I don't like video games. Actually I really hate them. Usually when I play them, my fingers and toes start to inexplicably bleed. I went to the doctor about this, but he was too busy playing the newest Grand Theft Auto to care and I sat in the waiting room for three hours and twelve minutes. Listening to him play Grand Theft Auto in the other room caused sympathy bleeding of my toes and fingers. I asked the receptionist for a band-aid and all she said was "What do you think this is, a doctor's office?" I decided to try the free clinic, to see if they had band-aids, but I didn't have any money for a cab so I had to walk six miles. Halfway there, I was tackled by a police officer who beat me senseless.

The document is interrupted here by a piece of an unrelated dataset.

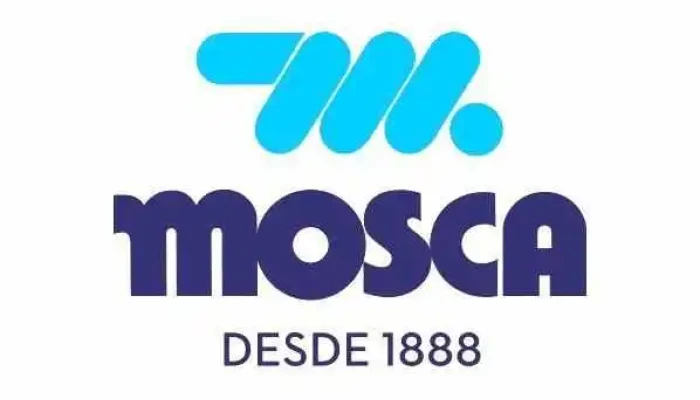 Mosca -  Del Propietario - Las Piedras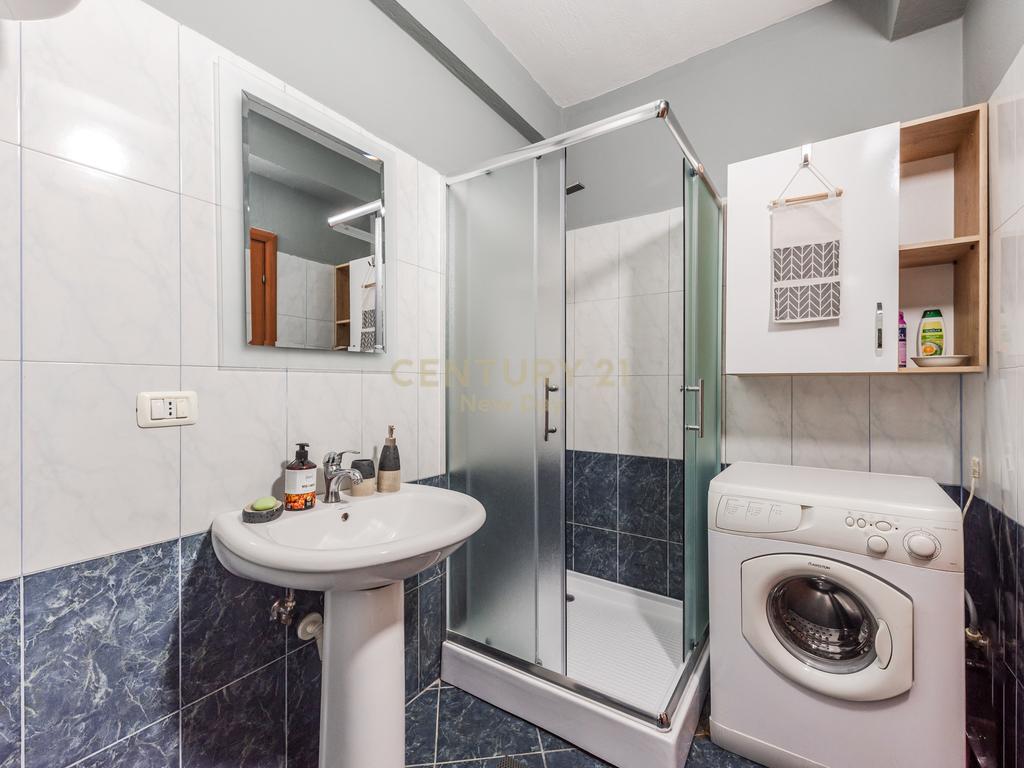 1+1 APARTMENT FOR RENT IN THE CENTER!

When I woke up, I was in an interrogation room. I could tell it was an interrogation room because it had a big one-way mirror; I could tell it was a one-way mirror because they make odd ghost reflections. I thought that it could possibly be blood loss from my fingers and toes but decided against it. Shortly after I regained consciousness an officer came in and said I fit the description and wanted to know where the trail of blood came from. I explained to him that it happens when I play video games. He challenged this fact by asking if I had ever gone to the doctor for this malady, except he didn't use quite the same language. I told him that that’s where I was but my doctor was busy playing Grand Theft Auto, but as soon as I said that the officer collapsed. I don't know why. After an indeterminable amount of time, I decided nobody was going to come check up on the erstwhile officer; I guessed that he had appendicitis, but his doctor was busy playing Grand Theft Auto as well. I took his keys and casually strolled out of the police station. When I got home, I decided to play Animal Crossing, but shortly thereafter my fingers and toes started bleeding again. I decided to solve this problem once and for all.

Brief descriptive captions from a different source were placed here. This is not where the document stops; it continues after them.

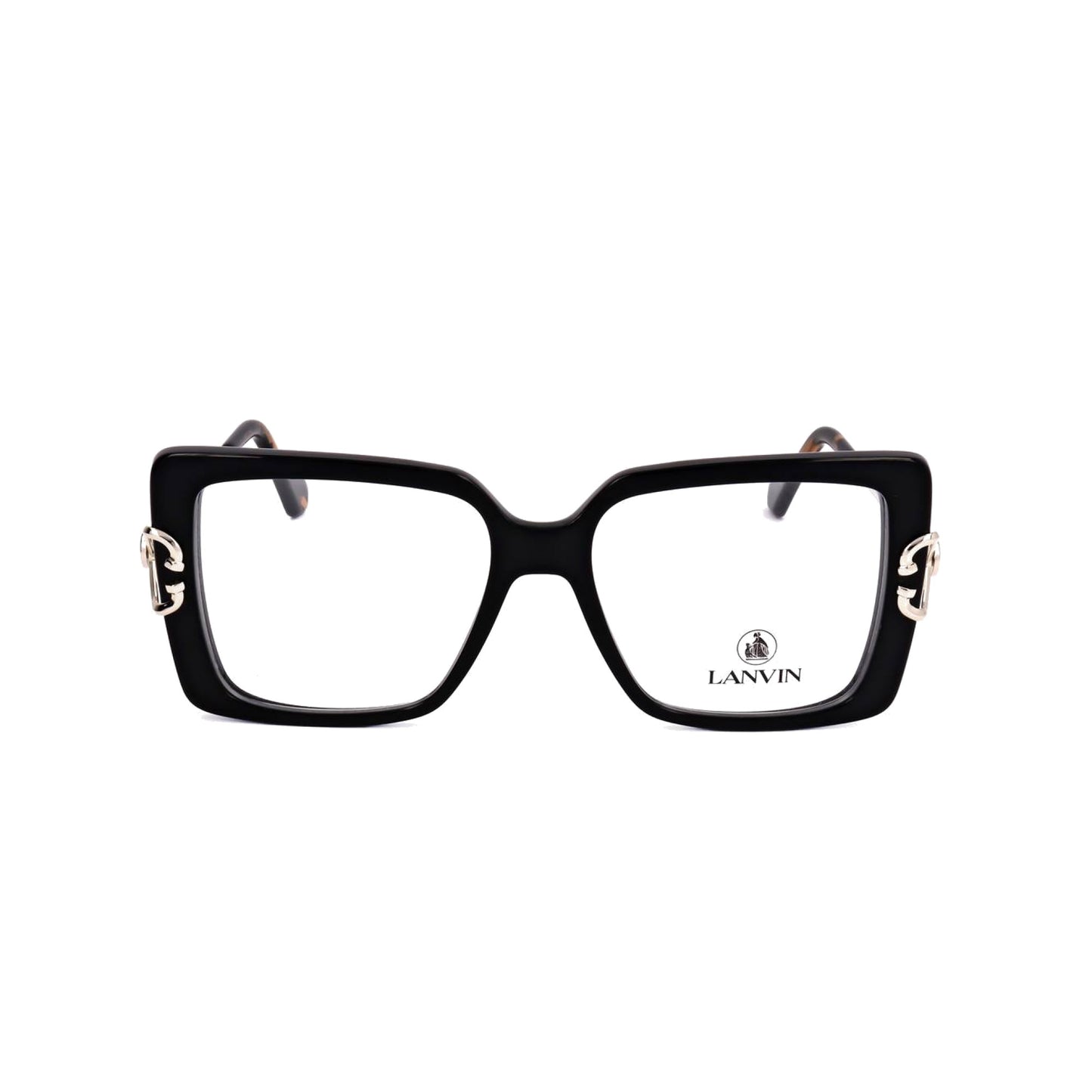 Lanvin LNV2629
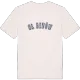 Głębinów college t-shirt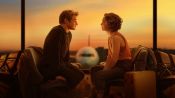 Love at First Sight Fragman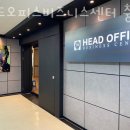 중구 필동주민센터 2층 회의실 | 필동공유오피스 헤드오피스비즈니스센터 충무로점 깨끗한시설 가격 위치 1인사무실.좋은위치 비상주...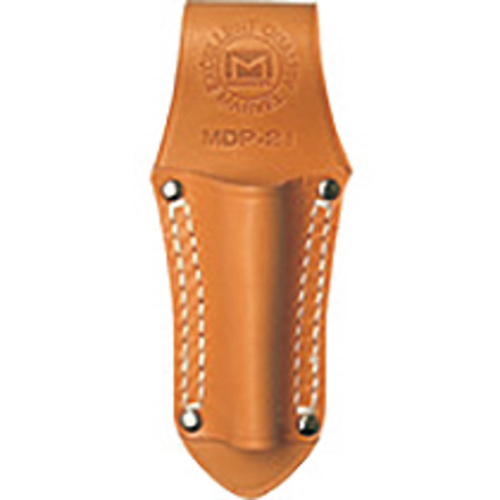 牛皮革製電工ﾎﾟｹｯﾄ ﾍﾟﾝﾁ差し 1個画像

I went to the local animal shelter and told them I wanted all of their cats. At first they didn't believe me. I had to convince them that I would take care of twenty seven cats, fourteen of which were longhair, twelve of which were shorthair, and one of which had no hair. I asked if it was okay if I gave a few of them mohawks, and they said no, so I asked if it was okay to shave the hair off of the twenty six who had hair so that the hairless one wouldn't feel so bad, and they said no to that too. Then I told them I had a requisition in for fifty litterboxes from PetCo, and they decided that was good enough. I had a hard time carrying all the cats home, and eventually had to carry them all by their tails. I named them all fluffernutter, except for the hairless one whom I named chocotaco.

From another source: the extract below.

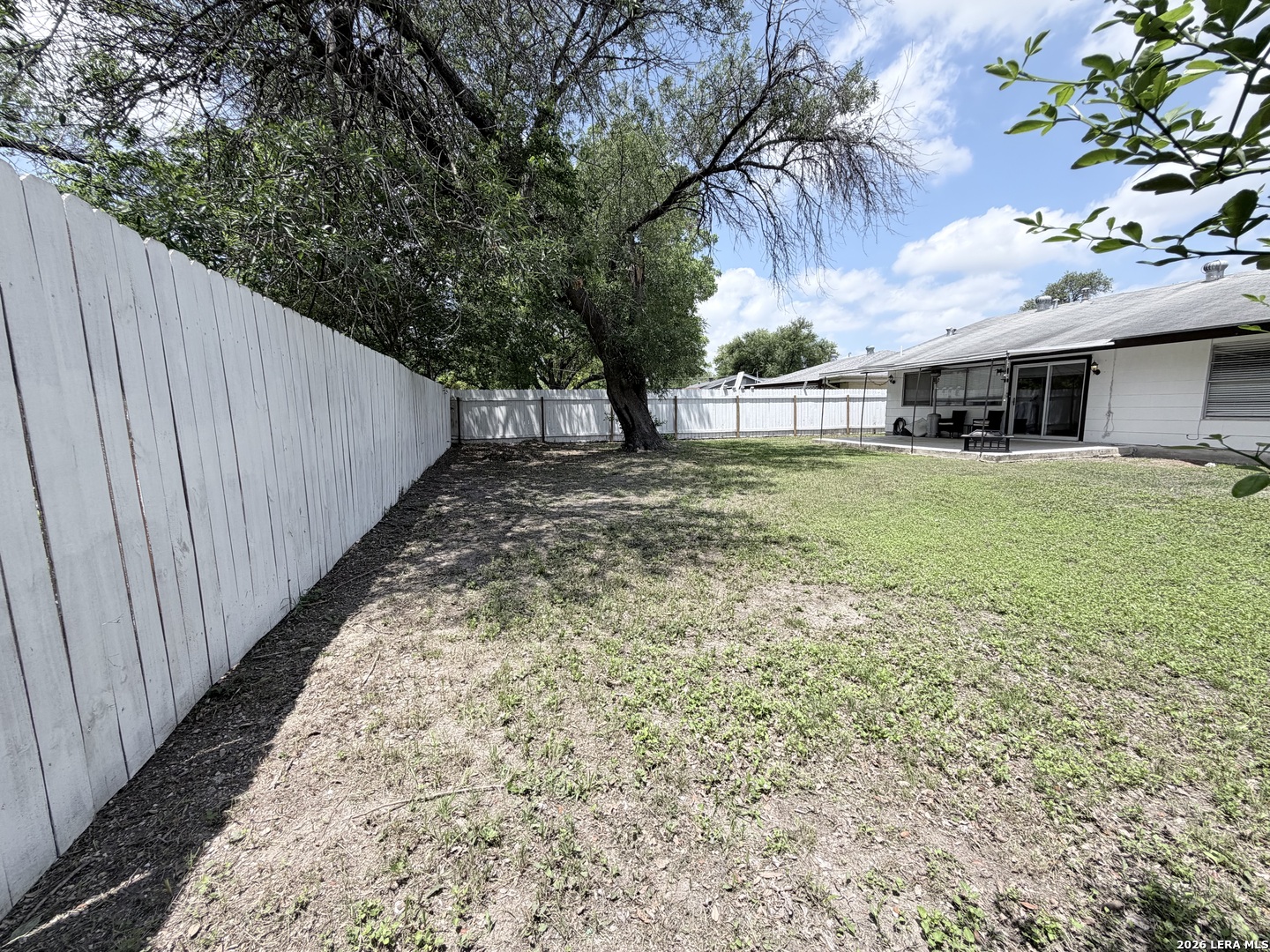 5142 Village Court San Antonio TX 78218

As soon as I got the cats home, they started crapping on the rug. I knew this was okay because cats will eat their own crap eventually. I tested my theory by playing Animal Crossing again, and I found out that I was completely correct. As soon as my fingers and toes started bleeding, the cats came over and started licking them. I knew that I and the cats, especially chocotaco, would live together in happiness for the rest of our years. But I still don’t like video games.